#### [SUPPLIED MATERIAL]

##############################

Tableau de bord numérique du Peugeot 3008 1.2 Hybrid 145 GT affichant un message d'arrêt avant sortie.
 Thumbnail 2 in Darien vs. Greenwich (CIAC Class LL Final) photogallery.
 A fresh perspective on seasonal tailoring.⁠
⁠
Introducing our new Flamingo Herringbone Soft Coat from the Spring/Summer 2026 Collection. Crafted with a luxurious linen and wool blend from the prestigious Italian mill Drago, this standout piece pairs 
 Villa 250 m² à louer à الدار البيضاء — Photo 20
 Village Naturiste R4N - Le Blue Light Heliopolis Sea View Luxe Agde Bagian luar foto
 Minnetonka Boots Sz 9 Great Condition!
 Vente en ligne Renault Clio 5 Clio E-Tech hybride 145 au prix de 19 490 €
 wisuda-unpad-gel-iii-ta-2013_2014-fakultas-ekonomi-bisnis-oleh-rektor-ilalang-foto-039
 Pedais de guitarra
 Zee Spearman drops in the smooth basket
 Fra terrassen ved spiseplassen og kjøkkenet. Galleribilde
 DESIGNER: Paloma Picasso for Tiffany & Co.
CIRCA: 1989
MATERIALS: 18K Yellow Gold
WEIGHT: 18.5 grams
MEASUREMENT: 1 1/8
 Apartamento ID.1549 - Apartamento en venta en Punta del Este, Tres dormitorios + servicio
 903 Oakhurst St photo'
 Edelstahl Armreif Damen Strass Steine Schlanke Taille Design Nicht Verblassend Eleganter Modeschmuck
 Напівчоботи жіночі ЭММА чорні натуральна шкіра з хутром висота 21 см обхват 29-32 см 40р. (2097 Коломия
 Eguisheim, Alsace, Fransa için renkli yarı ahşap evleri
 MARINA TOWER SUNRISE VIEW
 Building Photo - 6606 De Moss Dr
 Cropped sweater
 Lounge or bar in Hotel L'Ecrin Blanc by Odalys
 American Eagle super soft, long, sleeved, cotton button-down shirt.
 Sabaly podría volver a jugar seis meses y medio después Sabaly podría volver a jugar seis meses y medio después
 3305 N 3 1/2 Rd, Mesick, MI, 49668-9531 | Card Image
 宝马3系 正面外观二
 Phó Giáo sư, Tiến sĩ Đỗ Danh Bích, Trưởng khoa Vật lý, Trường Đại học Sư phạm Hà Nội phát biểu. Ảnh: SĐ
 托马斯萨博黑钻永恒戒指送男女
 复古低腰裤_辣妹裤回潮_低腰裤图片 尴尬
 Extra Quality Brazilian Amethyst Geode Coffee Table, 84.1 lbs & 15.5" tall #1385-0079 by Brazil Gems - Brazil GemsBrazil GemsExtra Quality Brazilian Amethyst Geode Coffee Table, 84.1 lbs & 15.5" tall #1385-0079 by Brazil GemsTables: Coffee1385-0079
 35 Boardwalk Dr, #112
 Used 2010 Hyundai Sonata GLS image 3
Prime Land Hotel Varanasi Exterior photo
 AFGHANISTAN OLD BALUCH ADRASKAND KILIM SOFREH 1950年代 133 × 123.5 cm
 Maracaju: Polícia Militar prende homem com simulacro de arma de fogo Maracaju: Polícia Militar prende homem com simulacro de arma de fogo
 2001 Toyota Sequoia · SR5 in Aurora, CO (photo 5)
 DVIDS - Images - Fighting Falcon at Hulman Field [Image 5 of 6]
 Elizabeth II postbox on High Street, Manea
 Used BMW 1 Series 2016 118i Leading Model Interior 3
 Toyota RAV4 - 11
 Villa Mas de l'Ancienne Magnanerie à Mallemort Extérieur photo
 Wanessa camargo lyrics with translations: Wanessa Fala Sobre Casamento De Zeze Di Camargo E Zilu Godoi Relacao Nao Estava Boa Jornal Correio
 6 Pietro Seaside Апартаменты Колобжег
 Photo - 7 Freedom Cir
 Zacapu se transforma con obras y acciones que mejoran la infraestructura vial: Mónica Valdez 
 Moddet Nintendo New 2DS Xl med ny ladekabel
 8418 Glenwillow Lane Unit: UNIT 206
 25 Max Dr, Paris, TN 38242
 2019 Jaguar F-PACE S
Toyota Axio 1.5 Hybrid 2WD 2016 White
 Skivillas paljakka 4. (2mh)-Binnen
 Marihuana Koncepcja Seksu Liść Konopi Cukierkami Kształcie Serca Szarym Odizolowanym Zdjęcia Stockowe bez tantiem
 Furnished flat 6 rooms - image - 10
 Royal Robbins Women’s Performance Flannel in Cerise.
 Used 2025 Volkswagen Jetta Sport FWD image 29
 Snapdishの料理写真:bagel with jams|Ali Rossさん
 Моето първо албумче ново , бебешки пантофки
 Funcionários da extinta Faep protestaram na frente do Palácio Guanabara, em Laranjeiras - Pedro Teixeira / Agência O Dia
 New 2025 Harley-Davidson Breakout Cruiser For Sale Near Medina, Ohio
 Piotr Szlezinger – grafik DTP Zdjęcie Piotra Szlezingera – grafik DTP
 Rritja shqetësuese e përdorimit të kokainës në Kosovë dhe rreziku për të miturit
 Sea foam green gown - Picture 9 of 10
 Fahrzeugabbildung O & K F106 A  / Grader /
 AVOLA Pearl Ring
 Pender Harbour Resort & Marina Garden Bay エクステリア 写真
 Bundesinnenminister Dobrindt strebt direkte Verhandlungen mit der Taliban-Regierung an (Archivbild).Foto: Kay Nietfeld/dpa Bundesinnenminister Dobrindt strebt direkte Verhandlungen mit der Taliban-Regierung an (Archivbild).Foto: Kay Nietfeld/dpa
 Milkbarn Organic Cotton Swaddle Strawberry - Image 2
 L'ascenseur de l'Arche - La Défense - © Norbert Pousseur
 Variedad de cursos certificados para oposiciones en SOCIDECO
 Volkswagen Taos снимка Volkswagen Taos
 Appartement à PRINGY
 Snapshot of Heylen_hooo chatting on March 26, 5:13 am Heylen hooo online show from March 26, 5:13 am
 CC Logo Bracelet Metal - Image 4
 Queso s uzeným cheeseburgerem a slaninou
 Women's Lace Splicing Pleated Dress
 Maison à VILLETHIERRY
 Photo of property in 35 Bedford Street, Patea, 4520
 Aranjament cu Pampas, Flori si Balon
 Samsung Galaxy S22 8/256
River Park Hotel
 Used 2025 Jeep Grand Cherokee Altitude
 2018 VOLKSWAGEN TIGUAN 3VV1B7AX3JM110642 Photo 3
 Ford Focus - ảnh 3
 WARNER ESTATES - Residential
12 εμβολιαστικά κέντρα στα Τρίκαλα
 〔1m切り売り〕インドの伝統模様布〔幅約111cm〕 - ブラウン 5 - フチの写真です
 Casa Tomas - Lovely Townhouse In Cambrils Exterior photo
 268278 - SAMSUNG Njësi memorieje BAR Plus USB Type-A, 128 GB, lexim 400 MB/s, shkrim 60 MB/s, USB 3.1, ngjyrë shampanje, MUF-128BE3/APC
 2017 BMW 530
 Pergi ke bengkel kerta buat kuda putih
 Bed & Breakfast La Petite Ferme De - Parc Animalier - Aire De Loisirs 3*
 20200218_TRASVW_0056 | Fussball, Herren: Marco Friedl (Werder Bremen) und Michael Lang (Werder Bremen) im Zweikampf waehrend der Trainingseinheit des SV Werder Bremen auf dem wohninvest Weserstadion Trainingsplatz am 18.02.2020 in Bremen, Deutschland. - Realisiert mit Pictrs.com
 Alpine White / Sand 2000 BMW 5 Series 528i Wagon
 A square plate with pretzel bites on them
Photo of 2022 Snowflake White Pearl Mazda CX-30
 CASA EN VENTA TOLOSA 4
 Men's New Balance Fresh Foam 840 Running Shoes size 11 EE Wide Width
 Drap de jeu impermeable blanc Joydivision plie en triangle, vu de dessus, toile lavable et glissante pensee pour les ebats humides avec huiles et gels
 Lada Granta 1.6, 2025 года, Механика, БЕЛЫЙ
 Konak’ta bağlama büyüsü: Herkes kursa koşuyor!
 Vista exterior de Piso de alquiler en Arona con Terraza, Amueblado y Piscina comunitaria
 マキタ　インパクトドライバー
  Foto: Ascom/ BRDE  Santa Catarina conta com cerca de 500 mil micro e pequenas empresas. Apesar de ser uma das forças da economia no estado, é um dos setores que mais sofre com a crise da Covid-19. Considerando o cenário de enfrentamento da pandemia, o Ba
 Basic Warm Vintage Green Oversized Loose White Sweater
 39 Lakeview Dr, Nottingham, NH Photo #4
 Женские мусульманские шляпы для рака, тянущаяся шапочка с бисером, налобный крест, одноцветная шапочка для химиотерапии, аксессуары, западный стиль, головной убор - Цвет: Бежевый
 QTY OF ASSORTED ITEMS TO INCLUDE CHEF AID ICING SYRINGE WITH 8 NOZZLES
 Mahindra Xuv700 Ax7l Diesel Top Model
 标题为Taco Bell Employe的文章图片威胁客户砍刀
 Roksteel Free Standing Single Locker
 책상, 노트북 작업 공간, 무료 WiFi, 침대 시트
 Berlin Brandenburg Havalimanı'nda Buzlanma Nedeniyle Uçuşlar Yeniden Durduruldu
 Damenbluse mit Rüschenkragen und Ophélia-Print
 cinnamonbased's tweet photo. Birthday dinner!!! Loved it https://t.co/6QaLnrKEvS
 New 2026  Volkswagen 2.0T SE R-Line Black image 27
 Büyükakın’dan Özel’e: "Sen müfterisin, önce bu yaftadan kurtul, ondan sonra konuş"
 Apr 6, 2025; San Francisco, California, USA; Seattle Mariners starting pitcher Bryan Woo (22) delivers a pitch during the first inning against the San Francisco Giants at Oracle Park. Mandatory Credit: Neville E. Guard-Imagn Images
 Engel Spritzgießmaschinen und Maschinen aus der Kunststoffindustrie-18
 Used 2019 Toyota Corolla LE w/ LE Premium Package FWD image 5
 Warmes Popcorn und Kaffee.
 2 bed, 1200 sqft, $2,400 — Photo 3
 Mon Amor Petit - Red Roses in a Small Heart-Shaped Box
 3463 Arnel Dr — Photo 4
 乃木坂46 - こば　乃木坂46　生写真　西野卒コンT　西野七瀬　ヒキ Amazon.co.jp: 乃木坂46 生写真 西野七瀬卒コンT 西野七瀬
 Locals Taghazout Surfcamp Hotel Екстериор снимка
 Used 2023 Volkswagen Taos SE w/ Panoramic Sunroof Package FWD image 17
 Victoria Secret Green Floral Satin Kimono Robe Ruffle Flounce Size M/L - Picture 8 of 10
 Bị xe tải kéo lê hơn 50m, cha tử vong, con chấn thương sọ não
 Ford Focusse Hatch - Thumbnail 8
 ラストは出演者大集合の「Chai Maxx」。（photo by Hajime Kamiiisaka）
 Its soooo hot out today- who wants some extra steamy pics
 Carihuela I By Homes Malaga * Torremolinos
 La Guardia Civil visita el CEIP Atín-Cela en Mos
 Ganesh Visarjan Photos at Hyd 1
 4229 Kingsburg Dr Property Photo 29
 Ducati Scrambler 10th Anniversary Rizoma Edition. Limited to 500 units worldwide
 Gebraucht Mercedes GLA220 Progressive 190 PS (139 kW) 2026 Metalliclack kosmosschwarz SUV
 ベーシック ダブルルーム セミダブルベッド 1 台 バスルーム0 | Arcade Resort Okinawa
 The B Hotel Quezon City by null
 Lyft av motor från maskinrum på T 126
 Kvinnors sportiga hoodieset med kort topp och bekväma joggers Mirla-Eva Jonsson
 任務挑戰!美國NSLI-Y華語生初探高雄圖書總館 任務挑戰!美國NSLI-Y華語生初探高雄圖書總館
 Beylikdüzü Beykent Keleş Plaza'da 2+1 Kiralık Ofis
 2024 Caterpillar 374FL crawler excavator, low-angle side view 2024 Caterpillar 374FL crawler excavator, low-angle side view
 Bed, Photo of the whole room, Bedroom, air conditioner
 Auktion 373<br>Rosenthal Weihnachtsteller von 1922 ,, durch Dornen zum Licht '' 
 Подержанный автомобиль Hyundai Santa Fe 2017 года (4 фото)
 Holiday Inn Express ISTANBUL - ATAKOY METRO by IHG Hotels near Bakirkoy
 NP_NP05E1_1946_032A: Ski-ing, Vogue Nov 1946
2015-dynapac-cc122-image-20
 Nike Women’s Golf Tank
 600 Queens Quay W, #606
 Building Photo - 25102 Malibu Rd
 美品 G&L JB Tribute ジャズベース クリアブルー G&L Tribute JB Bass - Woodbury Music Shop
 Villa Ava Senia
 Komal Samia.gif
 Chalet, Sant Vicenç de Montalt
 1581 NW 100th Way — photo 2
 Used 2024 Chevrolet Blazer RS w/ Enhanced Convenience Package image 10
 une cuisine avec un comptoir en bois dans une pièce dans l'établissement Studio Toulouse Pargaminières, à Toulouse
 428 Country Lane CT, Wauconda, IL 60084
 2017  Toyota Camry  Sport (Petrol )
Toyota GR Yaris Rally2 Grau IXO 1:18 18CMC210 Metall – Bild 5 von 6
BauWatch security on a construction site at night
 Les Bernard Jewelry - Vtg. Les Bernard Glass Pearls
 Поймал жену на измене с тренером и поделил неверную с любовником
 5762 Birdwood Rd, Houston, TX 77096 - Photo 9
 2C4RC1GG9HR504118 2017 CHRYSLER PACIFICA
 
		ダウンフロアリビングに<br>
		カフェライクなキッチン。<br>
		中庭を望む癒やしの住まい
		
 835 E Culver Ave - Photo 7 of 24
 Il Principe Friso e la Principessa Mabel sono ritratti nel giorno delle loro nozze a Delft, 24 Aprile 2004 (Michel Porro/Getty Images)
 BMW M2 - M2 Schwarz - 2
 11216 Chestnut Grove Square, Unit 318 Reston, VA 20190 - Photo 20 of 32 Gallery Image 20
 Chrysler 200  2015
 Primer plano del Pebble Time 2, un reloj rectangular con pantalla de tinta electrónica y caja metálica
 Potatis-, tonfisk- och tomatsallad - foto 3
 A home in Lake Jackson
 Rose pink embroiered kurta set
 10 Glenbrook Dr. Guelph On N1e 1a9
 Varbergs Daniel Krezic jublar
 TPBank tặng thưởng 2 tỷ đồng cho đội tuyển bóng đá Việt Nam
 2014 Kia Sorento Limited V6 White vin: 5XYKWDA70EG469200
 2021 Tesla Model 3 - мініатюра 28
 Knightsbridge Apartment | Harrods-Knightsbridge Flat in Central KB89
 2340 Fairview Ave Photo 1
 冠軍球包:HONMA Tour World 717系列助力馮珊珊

##############################

#### [WHAT YOU NEED TO DO]
Using the entries above, extract exactly the span from the line with "BauWatch security on" to the line with "11216 Chestnut Grove", both lines included; leave out everything else.

#### [RESULT OF THE EXERCISE]
BauWatch security on a construction site at night
 Les Bernard Jewelry - Vtg. Les Bernard Glass Pearls
 Поймал жену на измене с тренером и поделил неверную с любовником
 5762 Birdwood Rd, Houston, TX 77096 - Photo 9
 2C4RC1GG9HR504118 2017 CHRYSLER PACIFICA
 
		ダウンフロアリビングに<br>
		カフェライクなキッチン。<br>
		中庭を望む癒やしの住まい
		
 835 E Culver Ave - Photo 7 of 24
 Il Principe Friso e la Principessa Mabel sono ritratti nel giorno delle loro nozze a Delft, 24 Aprile 2004 (Michel Porro/Getty Images)
 BMW M2 - M2 Schwarz - 2
 11216 Chestnut Grove Square, Unit 318 Reston, VA 20190 - Photo 20 of 32 Gallery Image 20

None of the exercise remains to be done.